Congruentie met het antecedent: algemeen
 
[ 20·2·3·1·ii·1·a ]
 
In betrekkelijke bijzinnen waarin het betrekkelijk voornaamwoord als onderwerp fungeert, congrueert de persoonsvorm niet met het betrekkelijk voornaamwoord, maar het antecedent daarvan. Dat blijkt uit de volgende voorbeelden, waar het betrekkelijk voornaamwoord steeds hetzelfde blijft:

(1a) De jongen die daar loopt, is mijn vriend.
(1b) De jongens die daar lopen, zijn mijn vrienden.
(2a) Ik, die hier veertig jaar gewerkt heb, word waarschijnlijk net zo goed ontslagen.
(2b) Wij, die hier veertig jaar gewerkt hebben, worden waarschijnlijk net zo goed ontslagen.

In de regel congrueert de persoonsvorm in getal en in persoon met het antecedent van het betrekkelijk voornaamwoord. De congruentie in persoon blijkt bij vergelijking van (2) met (3):

(3) Hoe komt het toch dat jij, die altijd haantje de voorste bent, vandaag zo stil in een hoekje zit?

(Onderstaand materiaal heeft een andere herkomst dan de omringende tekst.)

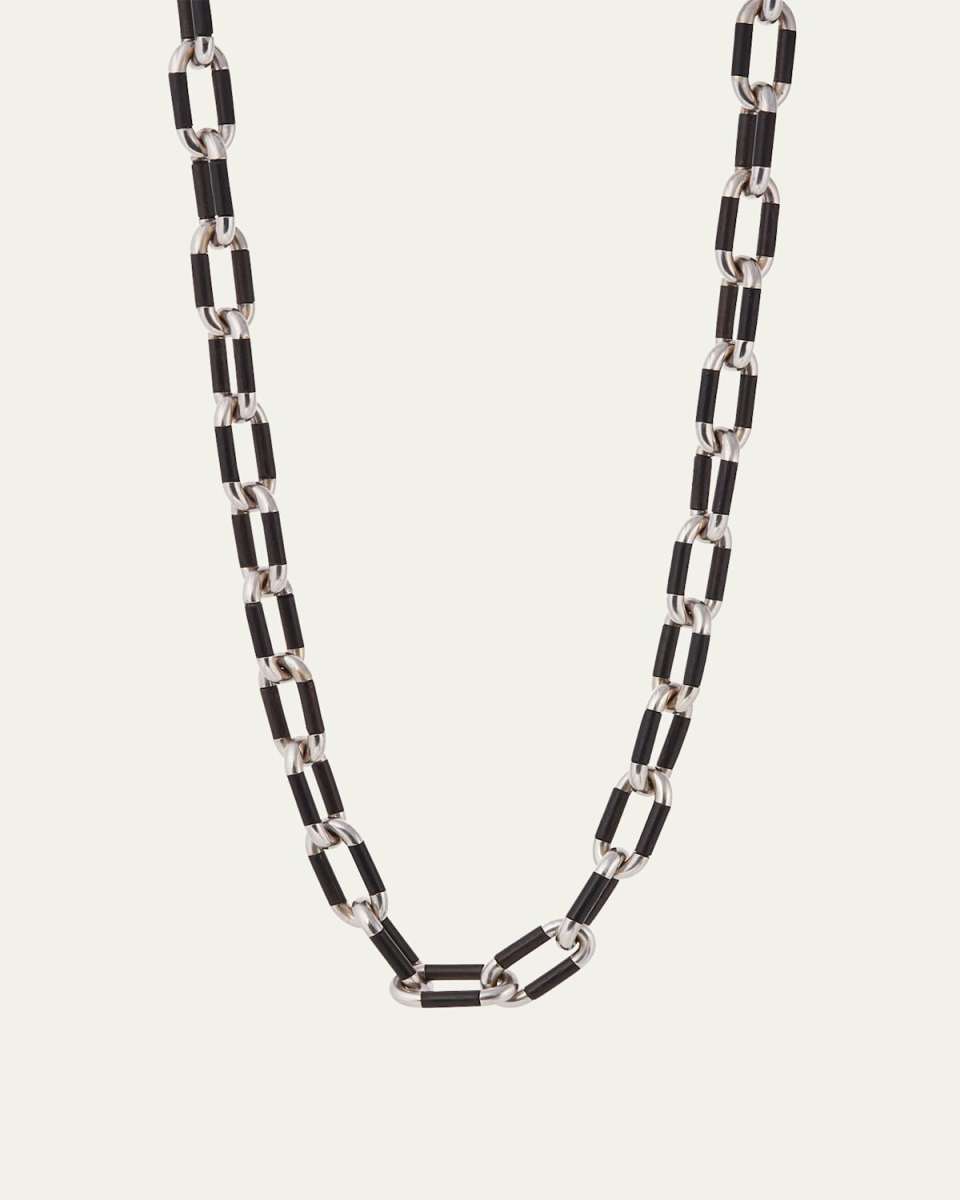 18K White Gold and Black Ebony Oval Link Necklace, 28"L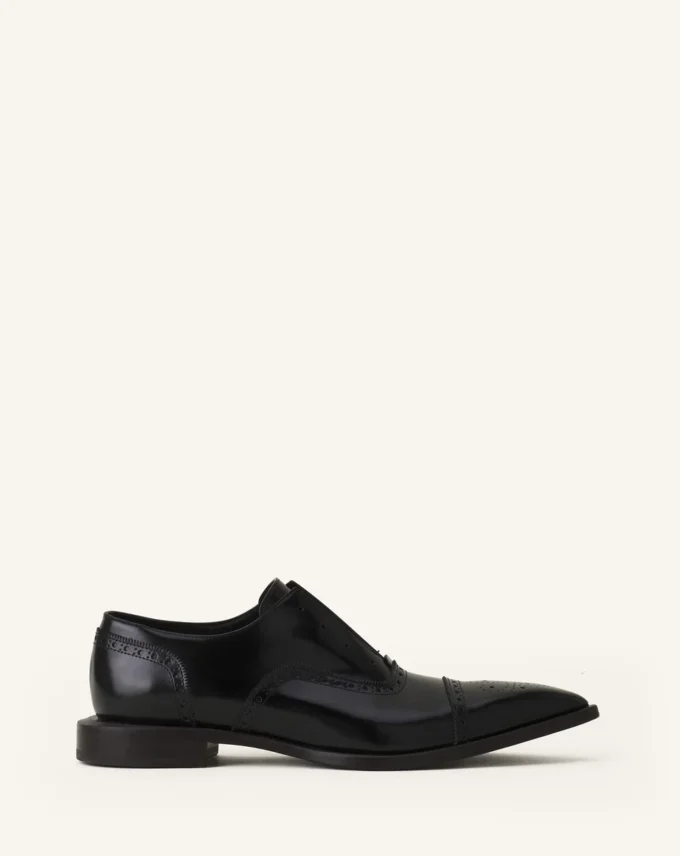 Chaussures brogues Oxford en cuir brillant
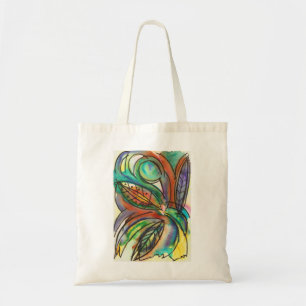 Bolsa Tote Arte em Aquarela Abstrata Pintada à Mão com Flores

Er doen zich een paar uitzonderingen voor op de regel van de congruentie in persoon en getal.

[a]  Als het antecedent een verzamelnaam is, congrueert de persoonsvorm in informeel taalgebruik niet altijd met het antecedent wat het getal (enkelvoud) betreft. De persoonsvorm richt zich dan naar de meervoudige betekenis. Voorbeelden zijn:

(4) Er worden wel eens te hoge eisen gesteld aan de politie, die toch ook niet alles kunnen voorkomen.   <informeel>
(5) Die Rode Jeugd, die mensen aanvallen, moesten ze toch maar eens wat beter in de gaten houden.   <informeel>



[b]  In gekloofde zinnen waarin een persoonlijk voornaamwoord antecedent is van het betrekkelijk voornaamwoord, congrueert de persoonsvorm van de bijzin niet in persoon, maar alleen in getal met het antecedent. Vergelijk met (2) en (3):

(6a) Ik ben het die hier veertig jaar gewerkt heeft.
(7a) Jij bent het toch die hier anders altijd haantje de voorste is?
(8a) Jullie zijn het die me het verhaal verteld hebben.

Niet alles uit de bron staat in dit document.